Come ridurre le emissioni e l’esposizione nella vita di tutti i giorni

La riduzione del rischio passa da politiche pubbliche e comportamenti personali. Piccole scelte quotidiane, sommate, fanno una grande differenza.

  • Segnala emissioni moleste o sospette nella tua città (camini industriali, fumi persistenti).
  • Preferisci trasporti pubblici, bicicletta e percorsi a piedi quando possibile.
  • Arieggia gli ambienti interni per rinnovare l’aria, specie lontano dalle ore di punta del traffico.
  • Pulisci con aspirapolvere o panni umidi: riduci la risospensione di polveri fini.
  • Umidifica gli ambienti in periodi secchi (umidificatori o semplici contenitori d’acqua).
  • Valuta purificatori d’aria domestici, usandoli in modo adeguato e manutentendoli regolarmente.
  • Coltiva piante note per la loro capacità di migliorare l’aria indoor.
  • Sostituisci spray aerosol profumati con oli essenziali ben diluiti e usati con moderazione.

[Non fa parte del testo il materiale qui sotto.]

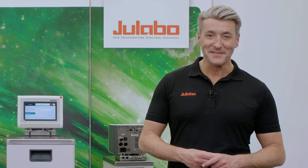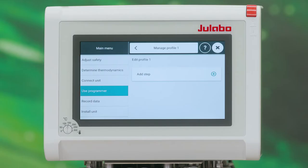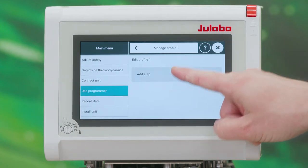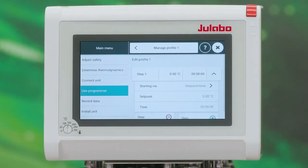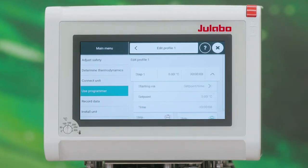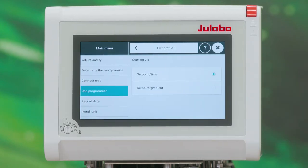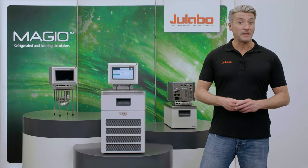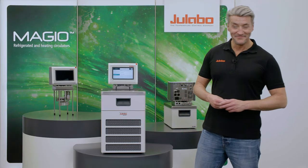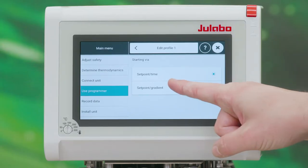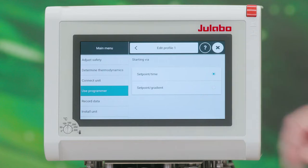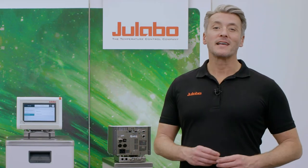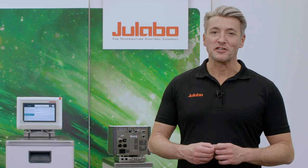Each profile can contain up to 60 individual steps. We choose Add Step. The step will be started via Setpoint Time, which defines a certain period of time in which the temperature is maintained, or Setpoint Gradient, which defines how quickly the temperature should be adjusted by degree per minute.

Aria pulita significa governance, controllo delle fonti e scelte consapevoli. Conoscere le differenze tra inquinanti primari e secondari, le famiglie chimiche coinvolte e il ruolo delle condizioni meteo consente di interpretare meglio gli avvisi e i bollettini sulla qualità dell’aria. Dai solfati e nitrati secondari che accrescono il particolato fine, all’ozono che nasce dall’intreccio tra NOx e COV alla luce del sole, fino ai metalli e ai composti dello zolfo ridotto che generano odori, tutti questi tasselli compongono il quadro dell’inquinamento urbano e regionale. Le reti di monitoraggio e le norme fissano paletti chiari; alle istituzioni spetta ridurre le emissioni delle grandi fonti, a noi il compito di limitare l’esposizione e scegliere opzioni a minore impatto.